→ **Entries supplied**:
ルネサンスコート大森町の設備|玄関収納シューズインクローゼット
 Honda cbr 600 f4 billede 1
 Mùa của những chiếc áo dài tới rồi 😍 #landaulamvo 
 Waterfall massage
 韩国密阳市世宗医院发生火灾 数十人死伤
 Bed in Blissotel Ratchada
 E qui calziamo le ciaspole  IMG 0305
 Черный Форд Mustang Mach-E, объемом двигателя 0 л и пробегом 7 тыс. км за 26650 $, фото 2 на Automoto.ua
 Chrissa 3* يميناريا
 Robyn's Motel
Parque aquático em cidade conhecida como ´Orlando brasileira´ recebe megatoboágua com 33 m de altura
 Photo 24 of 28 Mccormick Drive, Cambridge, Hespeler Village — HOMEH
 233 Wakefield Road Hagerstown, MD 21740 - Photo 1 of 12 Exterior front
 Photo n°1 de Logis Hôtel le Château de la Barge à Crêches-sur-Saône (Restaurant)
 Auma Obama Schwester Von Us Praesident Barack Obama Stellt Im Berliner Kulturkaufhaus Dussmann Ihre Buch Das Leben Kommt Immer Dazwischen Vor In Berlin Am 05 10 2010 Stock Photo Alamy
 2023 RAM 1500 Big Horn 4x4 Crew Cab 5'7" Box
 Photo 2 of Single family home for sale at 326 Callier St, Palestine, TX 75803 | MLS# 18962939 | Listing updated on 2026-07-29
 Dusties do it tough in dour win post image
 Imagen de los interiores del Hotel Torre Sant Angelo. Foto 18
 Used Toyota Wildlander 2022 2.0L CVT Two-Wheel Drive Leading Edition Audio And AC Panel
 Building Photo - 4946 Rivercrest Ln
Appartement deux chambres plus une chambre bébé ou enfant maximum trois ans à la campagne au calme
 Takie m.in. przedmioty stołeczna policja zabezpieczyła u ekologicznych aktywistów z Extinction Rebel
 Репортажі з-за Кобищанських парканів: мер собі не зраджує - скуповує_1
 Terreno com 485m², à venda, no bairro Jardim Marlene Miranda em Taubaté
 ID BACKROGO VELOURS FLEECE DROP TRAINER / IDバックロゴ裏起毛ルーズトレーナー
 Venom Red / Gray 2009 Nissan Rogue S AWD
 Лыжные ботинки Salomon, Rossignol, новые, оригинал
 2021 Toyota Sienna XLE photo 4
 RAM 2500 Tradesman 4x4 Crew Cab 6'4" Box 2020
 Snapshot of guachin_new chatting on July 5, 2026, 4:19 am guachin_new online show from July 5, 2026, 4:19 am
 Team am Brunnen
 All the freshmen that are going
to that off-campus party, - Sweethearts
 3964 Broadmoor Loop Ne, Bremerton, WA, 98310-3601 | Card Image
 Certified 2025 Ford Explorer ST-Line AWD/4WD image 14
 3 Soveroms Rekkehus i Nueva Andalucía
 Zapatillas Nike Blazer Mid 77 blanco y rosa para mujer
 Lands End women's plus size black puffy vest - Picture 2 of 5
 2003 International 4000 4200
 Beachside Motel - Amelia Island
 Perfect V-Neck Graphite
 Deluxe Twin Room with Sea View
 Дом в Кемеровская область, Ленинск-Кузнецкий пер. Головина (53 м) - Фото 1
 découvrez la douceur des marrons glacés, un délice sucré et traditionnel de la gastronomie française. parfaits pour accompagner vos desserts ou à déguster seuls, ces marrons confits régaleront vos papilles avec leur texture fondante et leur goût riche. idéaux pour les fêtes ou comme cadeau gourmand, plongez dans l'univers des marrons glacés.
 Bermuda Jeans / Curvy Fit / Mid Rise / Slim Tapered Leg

→ **To do**: Once every line above has been checked for the string "Motel", give the number of matching lines and nothing more.

→ **Answer area**: 2